In November 2011, the Australian Federal Parliament passed its much awaited (and debated) Clean Energy legislation establishing a carbon pricing mechanism, which launched this week on 1 July 2012. The scheme will effectively operate as a carbon tax for the first three years, before transitioning to a cap and trade scheme similar to New Zealand's ETS.
The new carbon pricing mechanism captures emissions in the stationary energy, industrial processing, resources and waste sectors. A sliding fixed carbon price of AUD$23 per tonne of emissions will apply for the first year, increasing to $24.15 in the second year, and moving to $25.40 in the third year. From 1 July 2015, the scheme will move to a flexible price within a trading scheme.
Some key differences from New Zealand's scheme are:
- Australia's scheme covers 4 of the 6 greenhouse gases recognised under the Kyoto Protocol (however, hydroflurorcarbons and sulphur hexafluoride will be alternatively covered via changes to existing import and manufacturing levies).

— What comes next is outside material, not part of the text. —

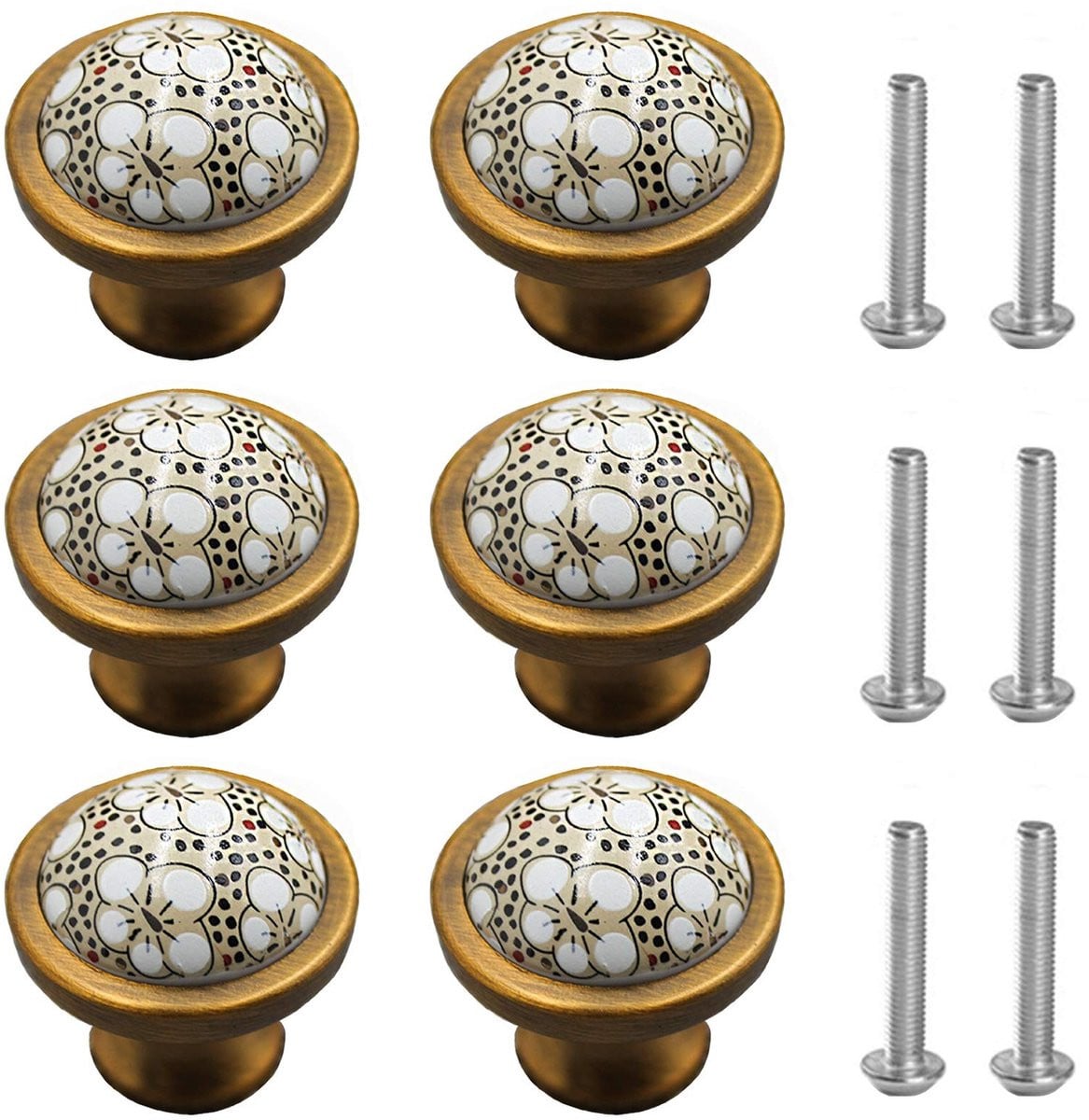 Solidchoice Set van 6 Vintage Keramische Meubelknoppen voor Kasten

- Agriculture and forestry sectors are excluded, but are dealt with in the Government's Carbon Farming Initiative.
- Most liquid fossil fuels are excluded (however, they are subject to an alternate type of carbon tax via existing fuel tax credits and fuel excise/customs duties from 1 July 2012).

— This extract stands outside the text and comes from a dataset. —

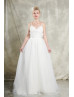 Spaghetti Straps Sweetheart Neck Ivory Lace Tulle Wedding Dress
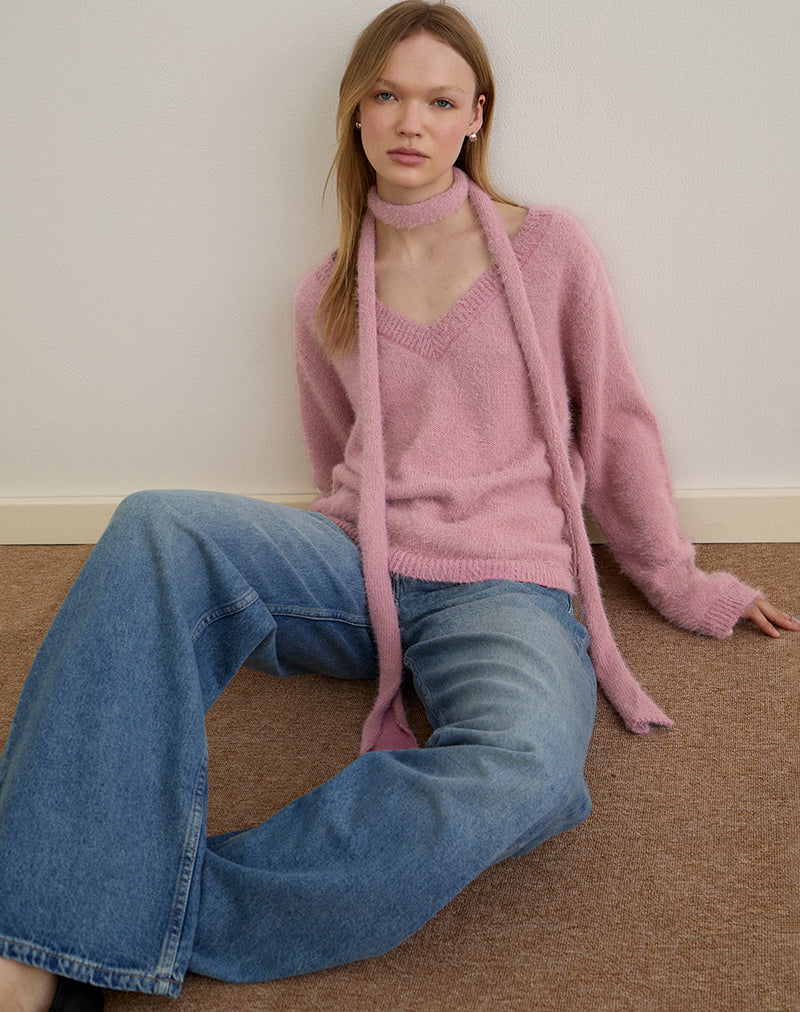 Dikara Jumper with Scarf in Knit Dusty Pink (Pull avec écharpe en tricot)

- An opt-in option for liquid fossil fuels is to be established by 1 July 2013.
Assistance will be given to internationally trade-exposed businesses, with free allocation of carbon units (similar to New Zealand). The assistance to be given to coal-fired electricity generators is estimated at $5.5 billion in the first five years. At the same time, the Government is hoping to see the closure of approximately 2,000MW of the most emissions-intensive coal-fired electricity generation by 2020.
A new Clean Energy Regulator has been established to administer the carbon pricing mechanism, the National Greenhouse and Energy Reporting scheme, the Renewable Energy Target and the Carbon Farming Initiative.
A new independent Climate Change Authority has also been established to advise on annual scheme emissions caps five years in advance of the stated year and to make recommendations for Australia's long-term emissions reductions goals. It will also be responsible for carrying out the first review of the carbon pricing mechanism and Carbon Farming Initiative, both to be completed by December 2016.
In addition, the Australian Competition and Consumer Commission (ACCC) has been allocated an additional AUD$12.8 million over the next four years to police any alleged price gouging as a result of the new carbon pricing.
The Federal Opposition party (led by Tony Abbott) is strongly opposed to the carbon pricing scheme and has vowed to repeal the entire scheme if it comes into power at the next election (likely to be in November 2013). To do this, however, it would need to win control of both the House of Representatives and the Senate, currently considered a long shot at best. If this were to eventuate, it could significantly change the climate change landscape both in Australia and New Zealand in 2014/2015.